Instructions to follow => The answer is to consist only of an exact retyping of the lines from the one containing "MATRA MS10 JACKIE" to the end of the entries, without pictures.

The data =>
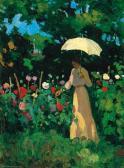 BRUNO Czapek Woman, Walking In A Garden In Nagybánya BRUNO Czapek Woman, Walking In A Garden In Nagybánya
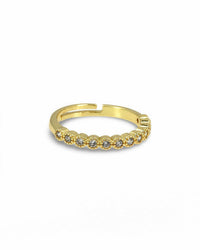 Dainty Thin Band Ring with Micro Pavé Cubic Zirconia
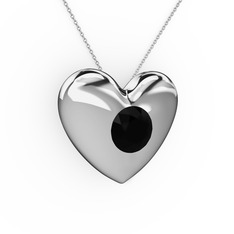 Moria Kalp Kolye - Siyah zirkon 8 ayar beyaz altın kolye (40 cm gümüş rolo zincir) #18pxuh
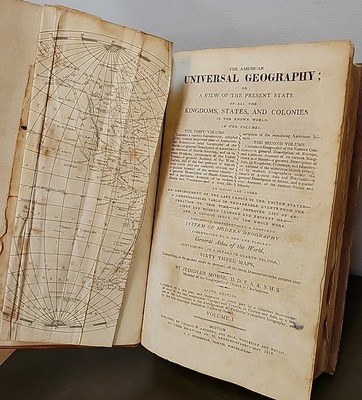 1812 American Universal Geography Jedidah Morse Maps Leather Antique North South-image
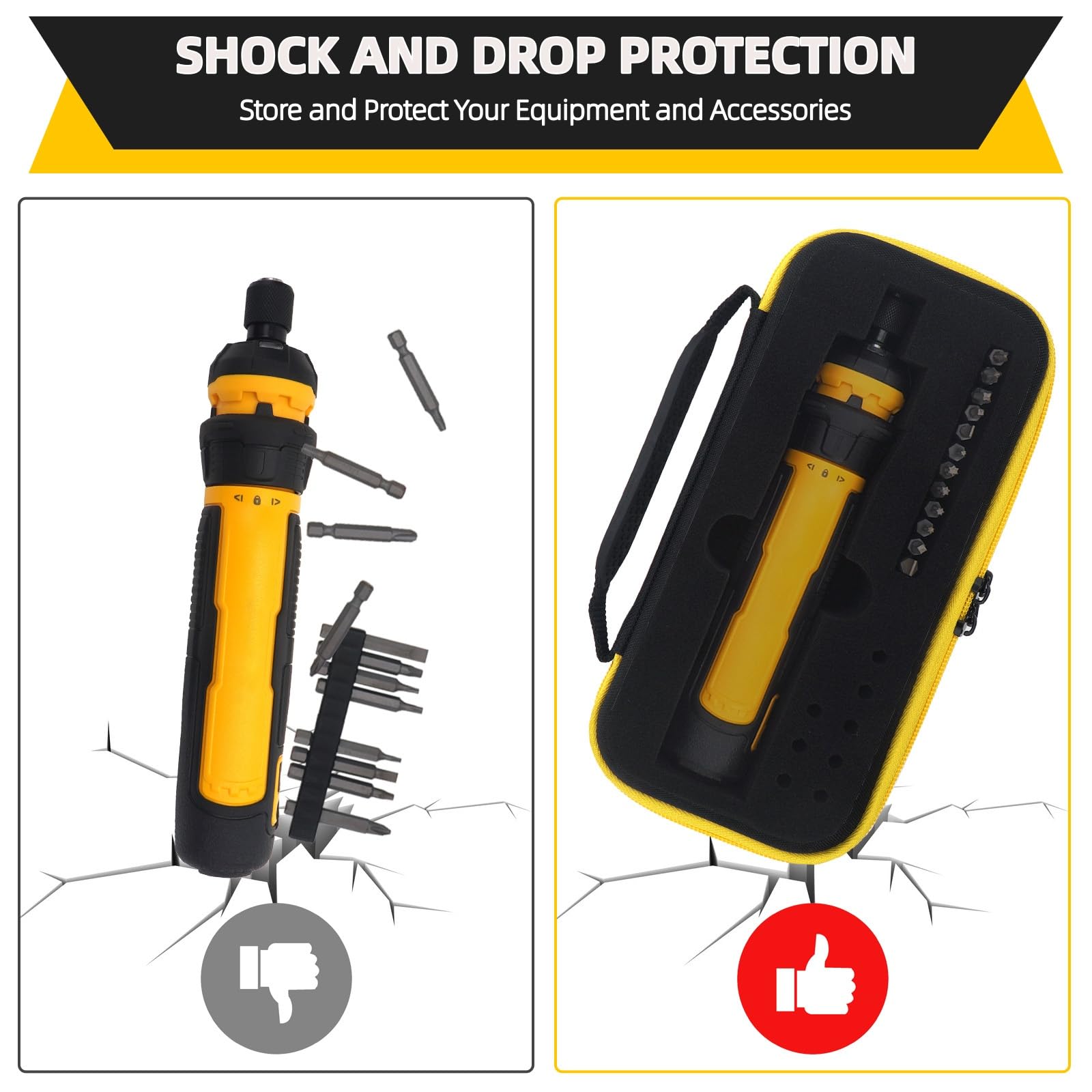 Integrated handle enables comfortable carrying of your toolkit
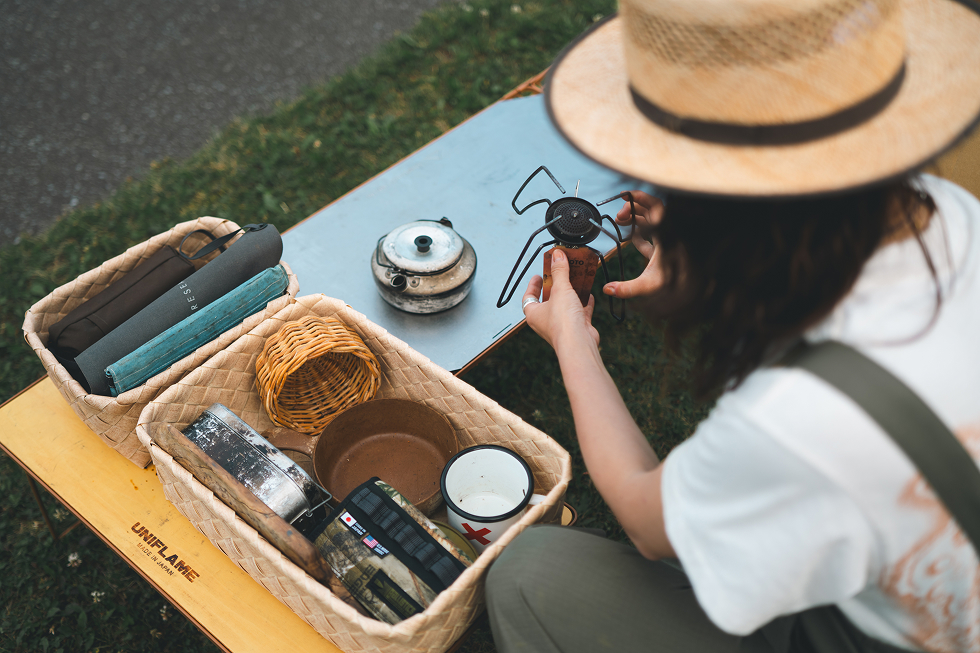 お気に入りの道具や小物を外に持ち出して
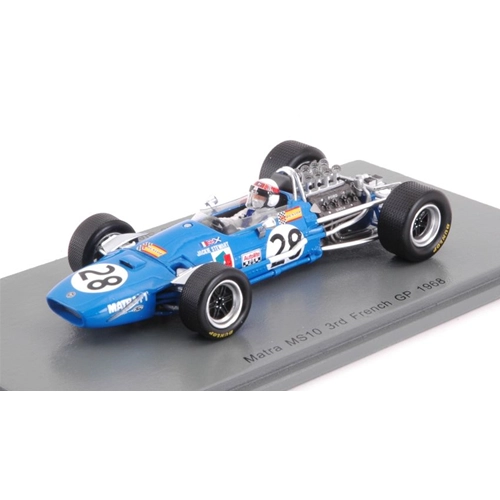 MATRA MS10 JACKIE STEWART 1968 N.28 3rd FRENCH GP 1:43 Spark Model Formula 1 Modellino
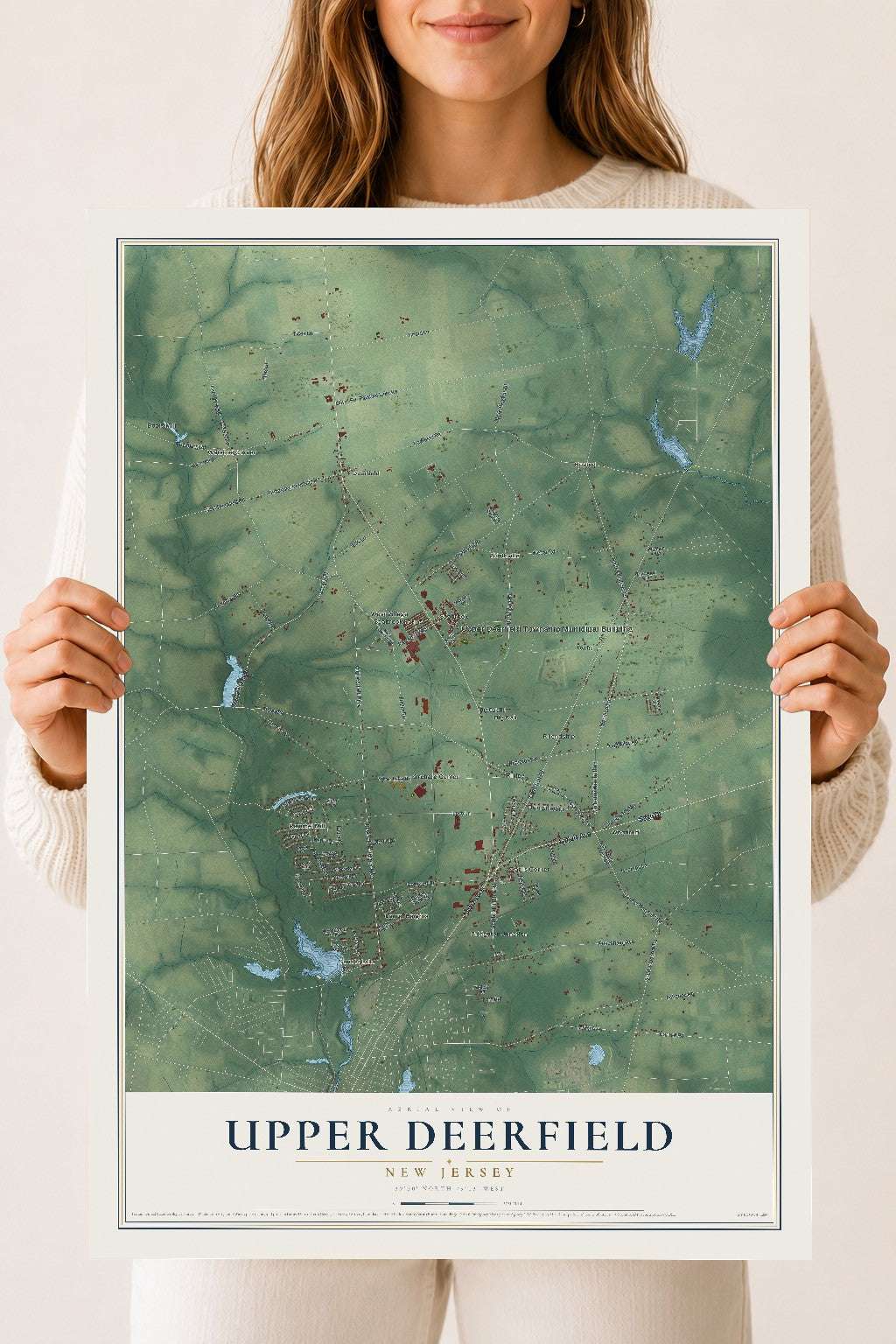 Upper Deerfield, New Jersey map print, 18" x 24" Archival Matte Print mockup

Task solution =>
 MATRA MS10 JACKIE STEWART 1968 N.28 3rd FRENCH GP 1:43 Spark Model Formula 1 Modellino
 Upper Deerfield, New Jersey map print, 18" x 24" Archival Matte Print mockup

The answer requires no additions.